__WHAT YOU NEED TO DO__.
The data below should be retyped exactly, with the pictures left out.

__SUPPLIED DATA__.
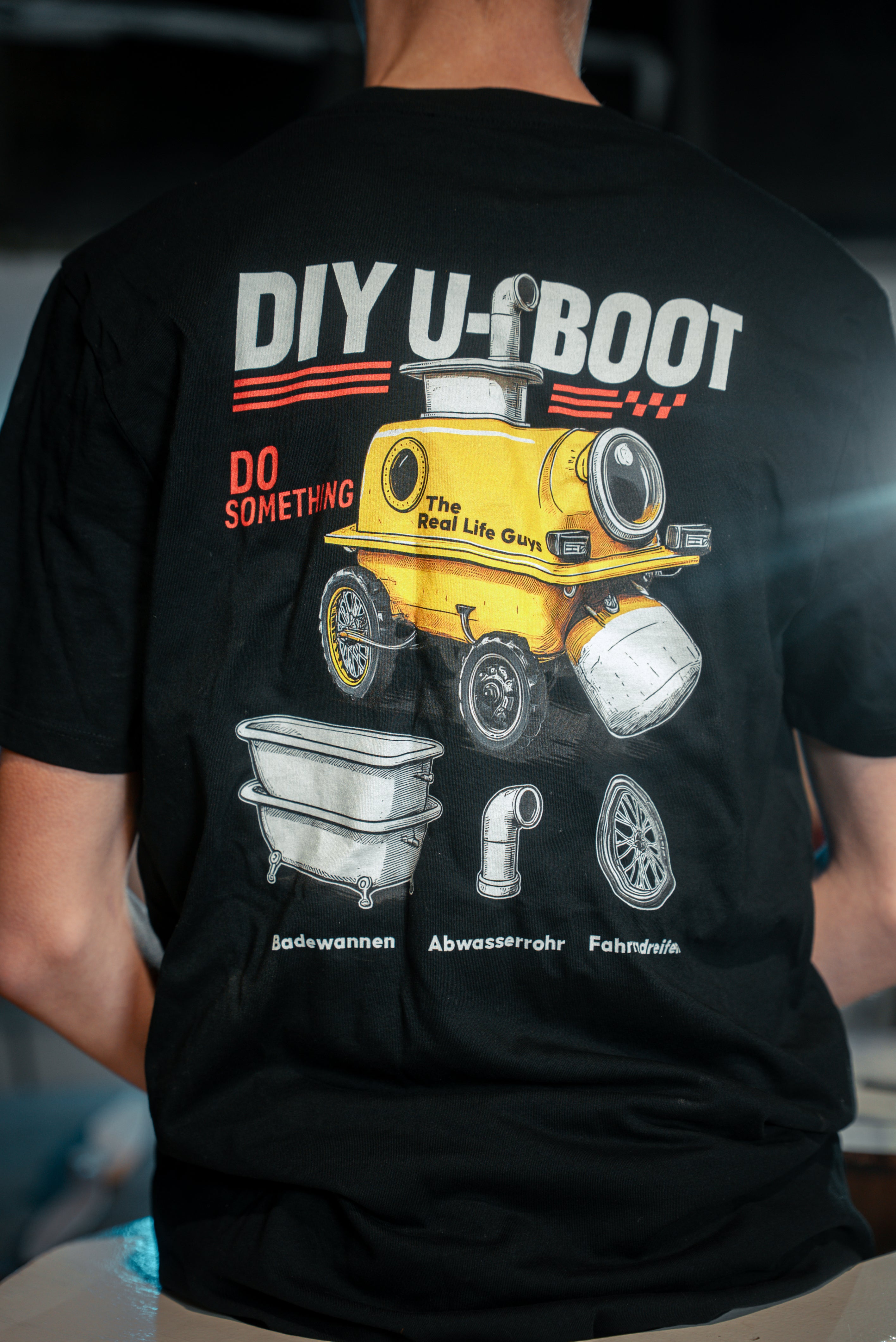 U-Boot T-Shirt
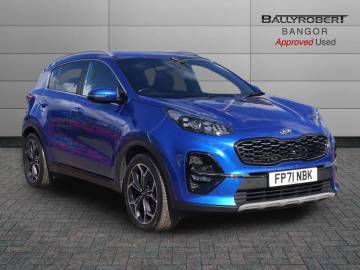 2022 Kia Sportage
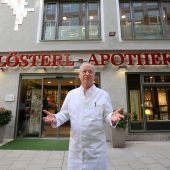 „Die Kunden finden meine Apotheke nicht“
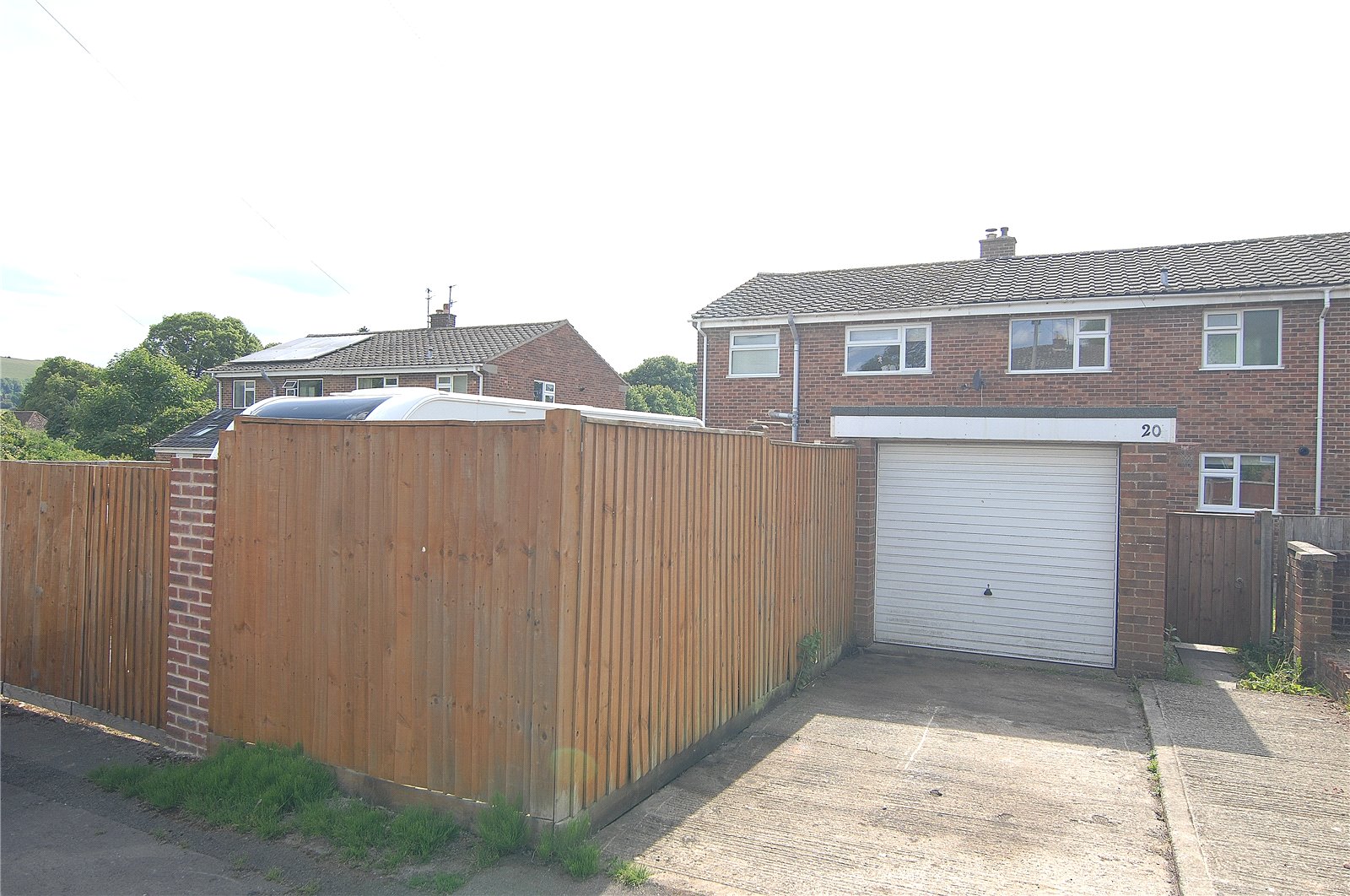 3 bedroom House for sale in Cashes Green, Stroud, Gloucestershire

__SOLVED EXERCISE__.
 U-Boot T-Shirt
 2022 Kia Sportage
 „Die Kunden finden meine Apotheke nicht“
 3 bedroom House for sale in Cashes Green, Stroud, Gloucestershire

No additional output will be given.